No good news heard from the other obgyn who has informed me when she said help me she meant order lots of tests and unnessicary crap until feb. So it looks like i'm stuck with doctor craptastic unless I can find another one soon. I haven't stopped crying in 3 days I feel like a blubber baby and i hate telling dh why i'm crying. Cause i feel like i'm a grown woman I can handle this come on. but it's just finally getting to me plus the fact we are suppose to move in 2 days and have barely started packing oh yeah that's comforting.
My house is a mess, so i don't feel comfortable asking other people to help pack.
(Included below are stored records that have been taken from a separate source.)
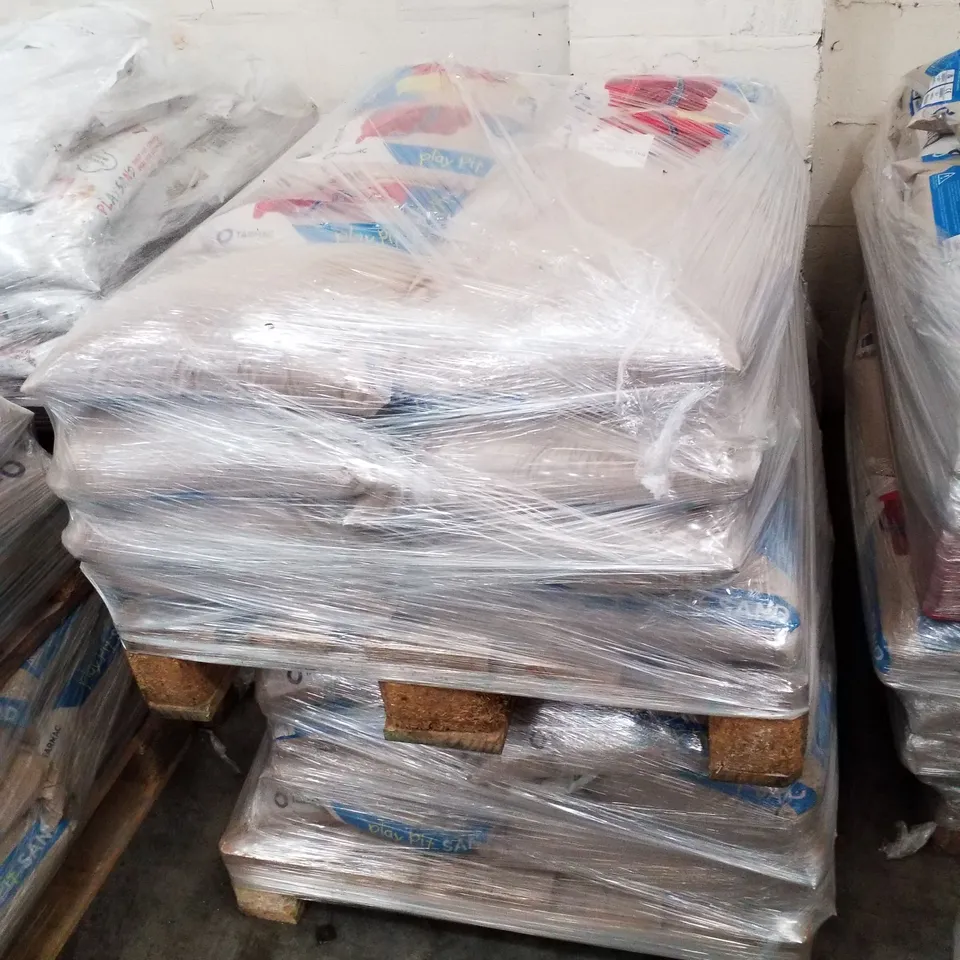 2 PALLETS EACH CONTAINING APPROXIMATELY 35 BAGS OF PLAY SAND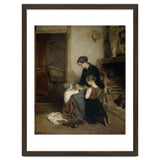 The Evening Prayer. Dating: 1857. Measurements: h 46.5 cm × w 38.5 cm; d 6.4 cm. thumbnail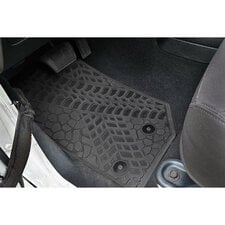 FlexTread Tire Tread/Scorched Earth Scene Front Floor Liners for 07-18 Jeep Wrangler JK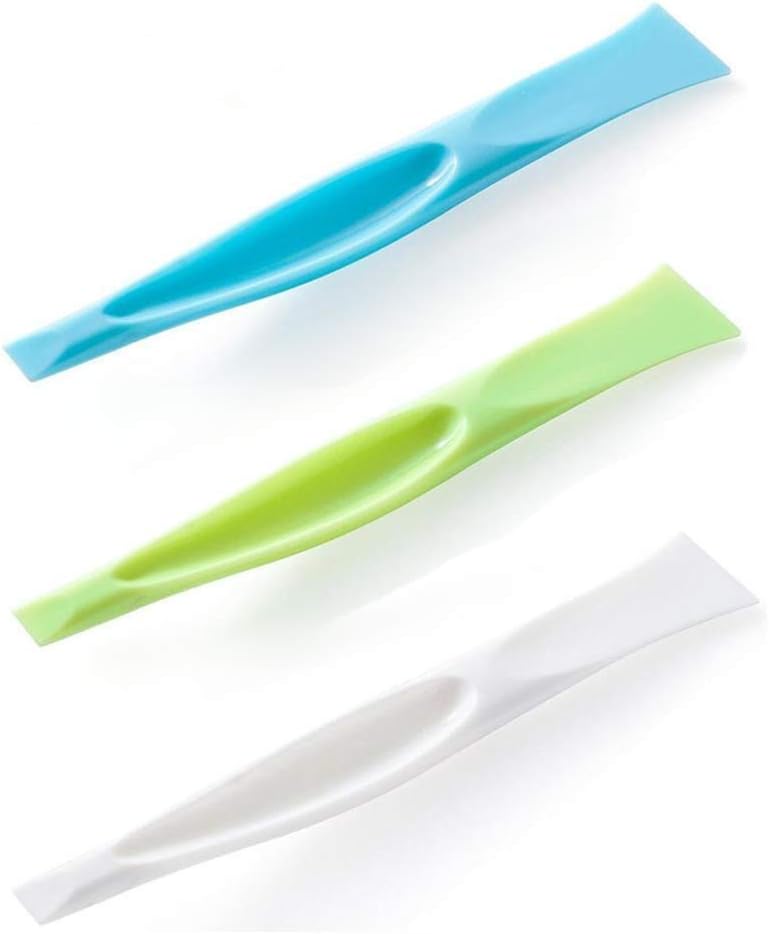 3-częściowy wielofunkcyjny plastikowy skrobak – twardy plastikowy skrobak, który nie rysuje powierzchni kuchennych, etykiet i naklejek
I talked to my dad today about my sisters day bed that is at their house. I was going to sell it awhile back cause I didn't have room for it and it had technically become mine. but than told my dad today because we have to have beds for fostering I'm gonna take it back home with me, Well he freaked out because my sister said she wanted the bed for her daughter. but my sister and I had already talked about the bed and my sister gave me the go ahead to use it until her daughter who is 1 was old enough to use the bed. I've got a few years. Well My dad basically said that I couldn't use the bed for my foster kids cause it was for his granddaughter, he said well you two have used it and now i wanna pass it down to the family.. ( can anyone say ouch?) I said I never used it and my sister is a big girl and she said I could use it for the foster kids. but i need to go now and hung up the phone. To which I called my sister bawling and said she needed to set my dad straight. He basically told me, my future foster kids weren't good enough for a bed, Does anyone else realize how stupid that sounds. It's a freaking bed! a broken day bed on top of that you can't take the bottom bunk out. I'm sure it all had to have been a misunderstanding but it got to me...
Plus working at the maternity store turning out to be alot harder than i thought. It's fine when i'm busy and don't have alot of time to think. But when it's dead and all i do is stare at maternity clothes.. All I can do is think about when am i ever going to get to wear those.